まともに眠れるわけもなくソファーで一夜を過ごし
ずっと携帯を握りしめる彼女の肩を抱きながら朝を迎えた。







「連絡は?」

『今のところ・・・ない』

「分かった」

『ごめんね』

「いいって、気にしないで」

『んっ』

「俺ホテル戻ってるから、また連絡して」

『分かった』








−−−−−−−−−−−−−−−−−−−−−−−−







ホテルに戻るも、気が気じゃない時間を過ごした。
彼女からの連絡をひたすら待つだけ。




祈る事しか出来ない。


どうか、神様・・・


彼女から大切人を奪わないで。








♪♪♪♪



「もしもしっ」

『もしもし「どうだった?」

『ん、、まだ・・・意識は戻ってないけど・・』

「・・・」

『2、3日で戻ると思うって言われた』

「良かったぁ・・・今、お祖父さんに誰かついてるの?」

『うん、両親がついてくれてる』

「そっか、、」

『大我っ』

「ん?」

『本当に・・・ありがとうっ』

「ううんっ」

『私、明日の朝帰らなくちゃならなくて』

「明日の朝か・・・」

『・・・帰りたくないんだけどね』

「・・・そりゃそうだよ」

『でも・・・帰らなきゃ』

「・・・」

『じゃないと、おじいちゃんに怒られちゃう』

「Aちゃん・・・」

『こんな事で周りに迷惑かけるんじゃないって』

「お祖父さん、厳しい人だもんね」

『・・・覚えててくれたんだ』

「覚えてるよ、全部」

『んっ』

「お祖父さんがAちゃんを応援してるって事も」

『大我っ・・・』




"ありがとう"



何度も何度も俺に伝えてくれたAちゃん。



良かった。

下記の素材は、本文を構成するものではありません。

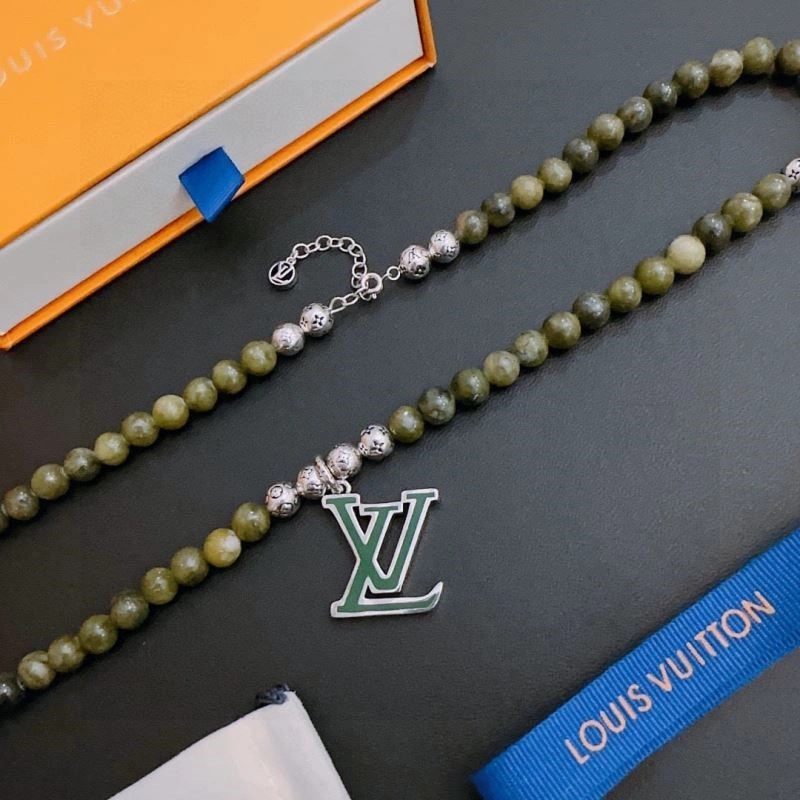 Louis Vuitton Necklaces Bright 248499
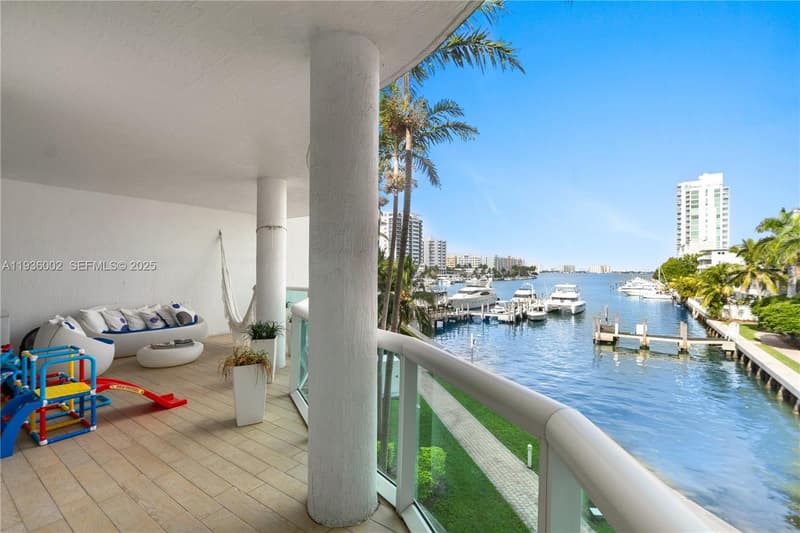 7918 Harbor Island Dr #212, North Bay Village, 33141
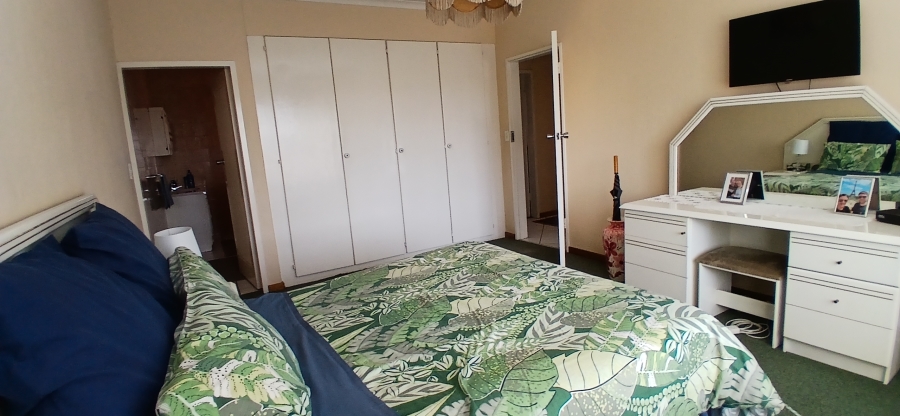 3 Bedroom Property for Sale in New Redruth Gauteng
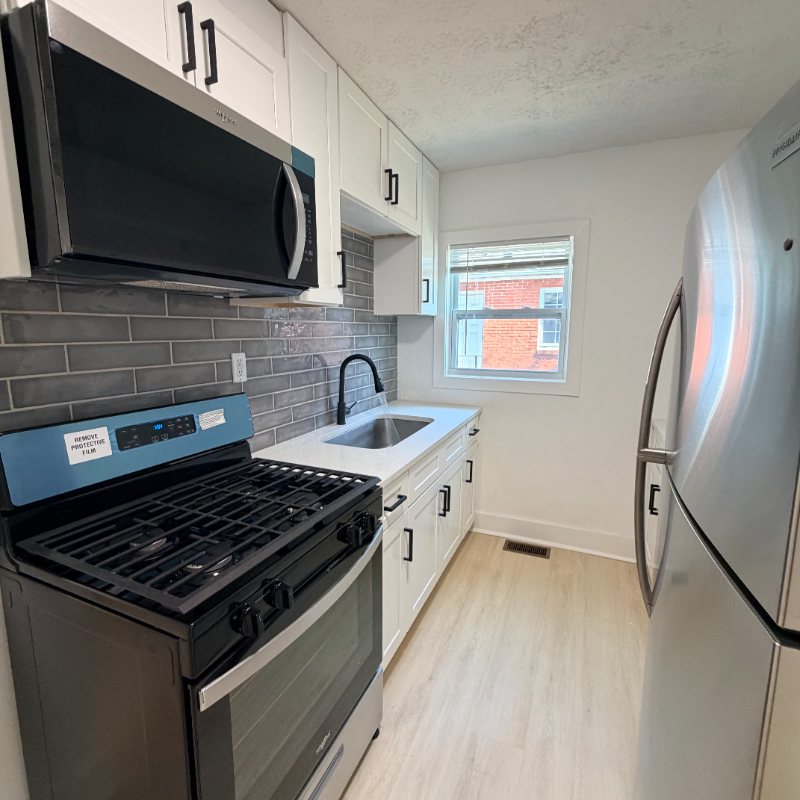 Atlanta House: 1336 Sharon St
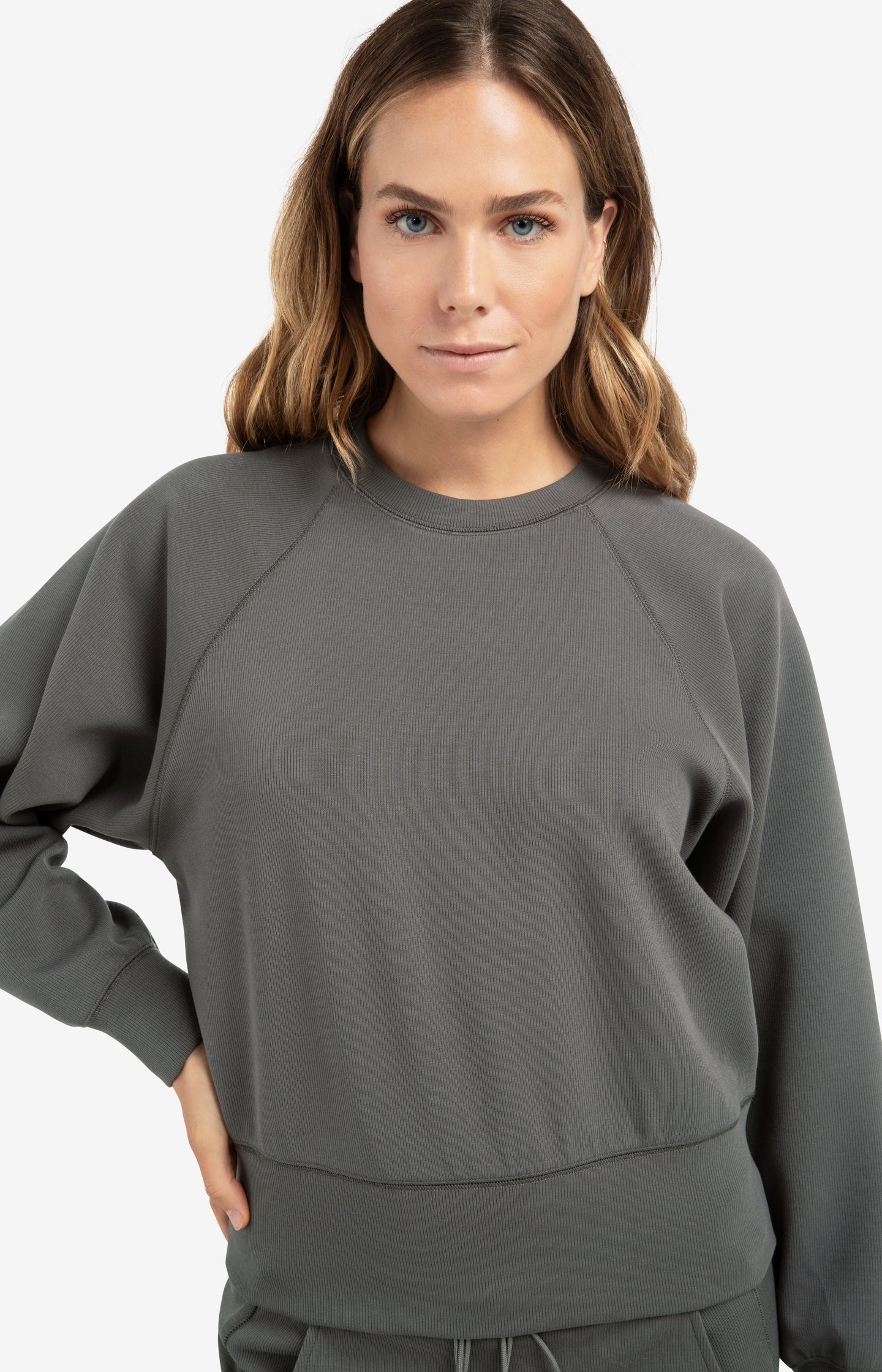 Raglan sweatshirt with fine rib texture and crew neck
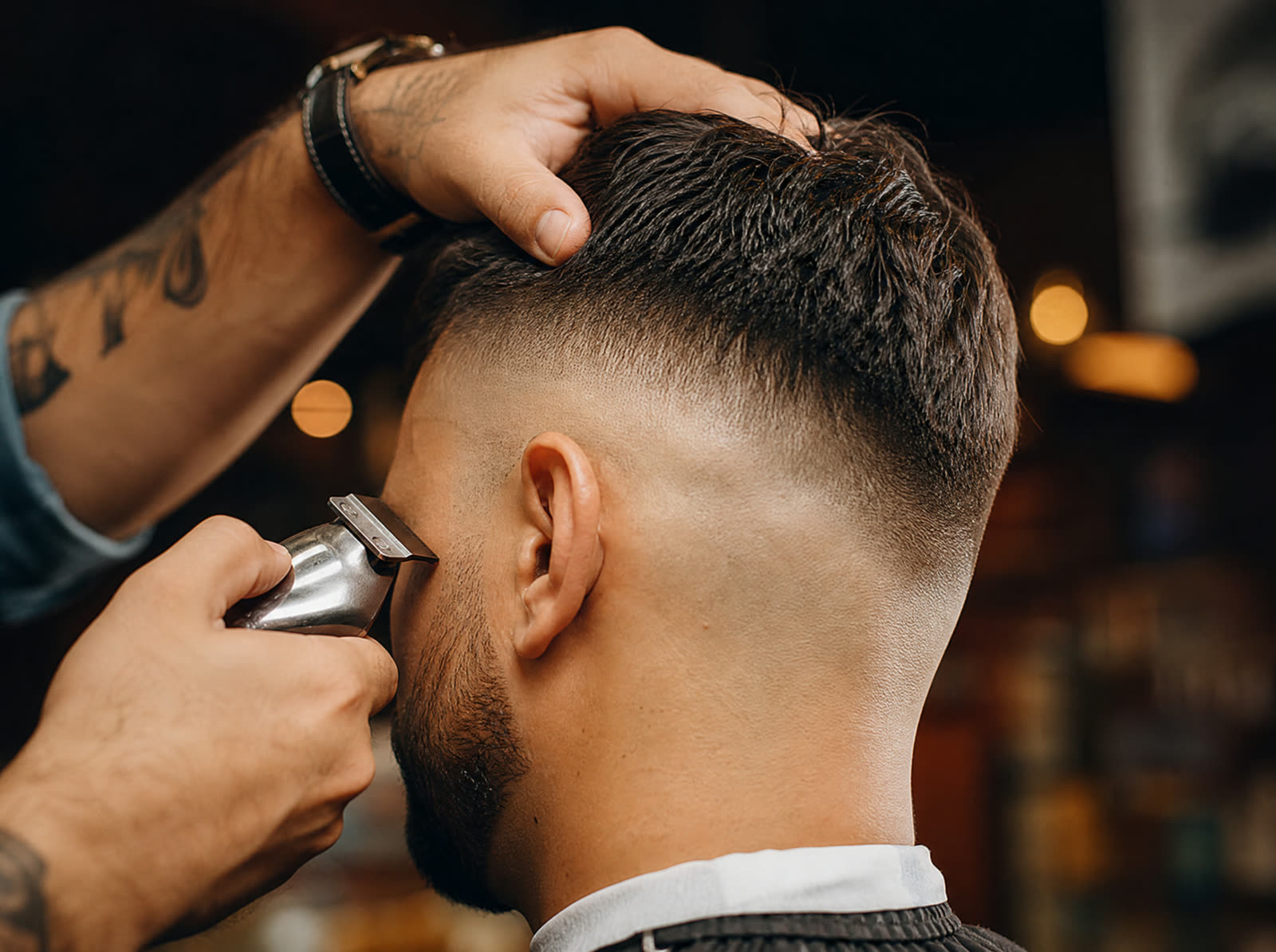 Skin Fade Haarschnitt in Arbeit, Karizma Barbershop Luzern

本当に。

まだ安心出来ないかもしれないけど、きっと大丈夫。





大丈夫だよ。





−−−−−−−−−−−−−−−−−−−−−−−−






翌日の午前の便で東京に戻った彼女から
連絡があったのは二日後。


お祖父さんの意識が戻り回復も順調で
このまま行けば二週間で退院との事。


電話越しでも分かる嬉しそうな声。
この二日間、敢えて連絡せず
待ち状態だった俺にとっても嬉しい報告だった。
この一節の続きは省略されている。